▶ Assignment
Leaving the pictures aside, transcribe the data below exactly.

▶ Data below
::::::

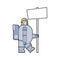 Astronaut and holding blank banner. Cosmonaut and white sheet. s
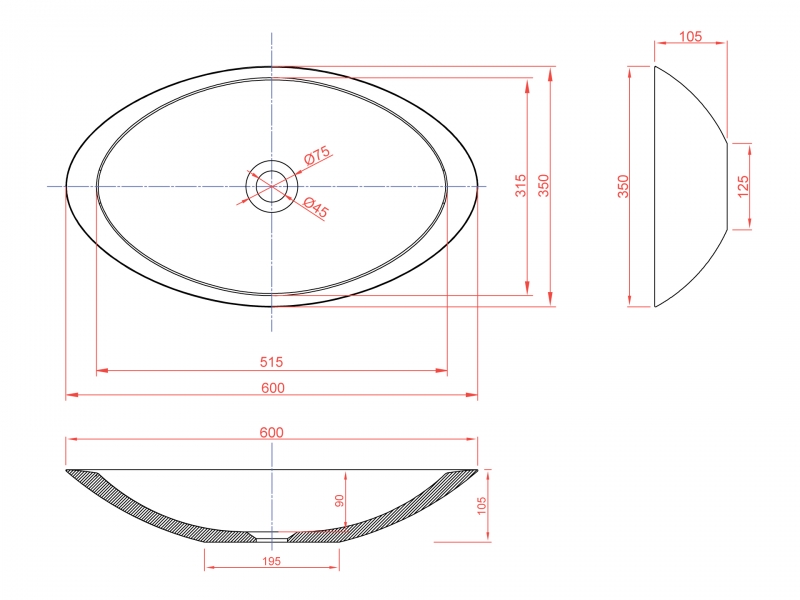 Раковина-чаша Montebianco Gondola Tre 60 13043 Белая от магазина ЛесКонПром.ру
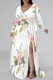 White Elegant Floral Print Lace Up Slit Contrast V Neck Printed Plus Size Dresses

::::::

▶ Answer to this task
 Astronaut and holding blank banner. Cosmonaut and white sheet. s
 Раковина-чаша Montebianco Gondola Tre 60 13043 Белая от магазина ЛесКонПром.ру
 White Elegant Floral Print Lace Up Slit Contrast V Neck Printed Plus Size Dresses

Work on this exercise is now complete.